Kayes is a champion of student success, equity and community engagement. Throughout her career, she has strongly advocated for inclusivity in STEM courses and promoted active learning and culturally responsive pedagogies at Oregon State. She has tirelessly advocated for adapting education to meet the needs of today’s learners.

Her contributions were pivotal in Oregon State's recent adoption of the new general education curriculum, which focuses on student success. As co-leader of the Baccalaureate Core Reform Committee, she garnered participation across the university to shape a new curriculum that enhances student potential, including those who are historically underserved.

Her devotion to effective teaching is also demonstrated by the Learning Assistants Program. As a founder with Devon Quick and Dennis Bennett, she helped usher in a new era of evidence-based science teaching in large classrooms at OSU. The Learning Assistants play a vital role in helping students learn by implementing engagement and learning exercises in undergraduate STEM classrooms.

Kayes also has been active in the ongoing efforts to increase inclusive excellence in science as co-PI of the five-year $1 million grant from the Howard Hughes Medical Institute, which aims to improve instruction in undergraduate STEM classrooms.
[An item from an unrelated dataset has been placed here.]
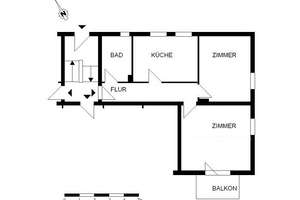 Wenn nicht hier, wo dann und sogar ein Balkon mit dran. – Lüttringhauser Straße 13, 42897 Lennep Nord, Remscheid – Vorschaubild 11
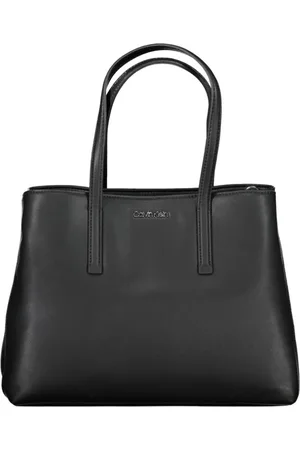 Calvin Klein Taske, Dame, Sort, ONE SIZE, Uld, Sort Dame Håndtaske Moderne Stil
College of Science Industry Partnership Award

Kyriakos Stylianou, a man with a beard.

Kyriakos Stylianou

Assistant Chemistry Professor Kyriakos Stylianou and his colleagues received the College of Science Industry Partnership Award. This award will support their work producing metal-organic frameworks (MOFs) able to capture CO2 followed by its conversion into a mixture of ethanol and methanol, which can be used as an alternative fuel source. This will help lower CO2 levels in the ocean and atmosphere and reduce humanity’s dependency on long-chain hydrocarbon fuels, which are rapidly contributing to global warming. In this project, Stylianou will collaborate with an international energy company, and together, they will discover novel strategies to effectively reduce CO2 emissions with MOFs.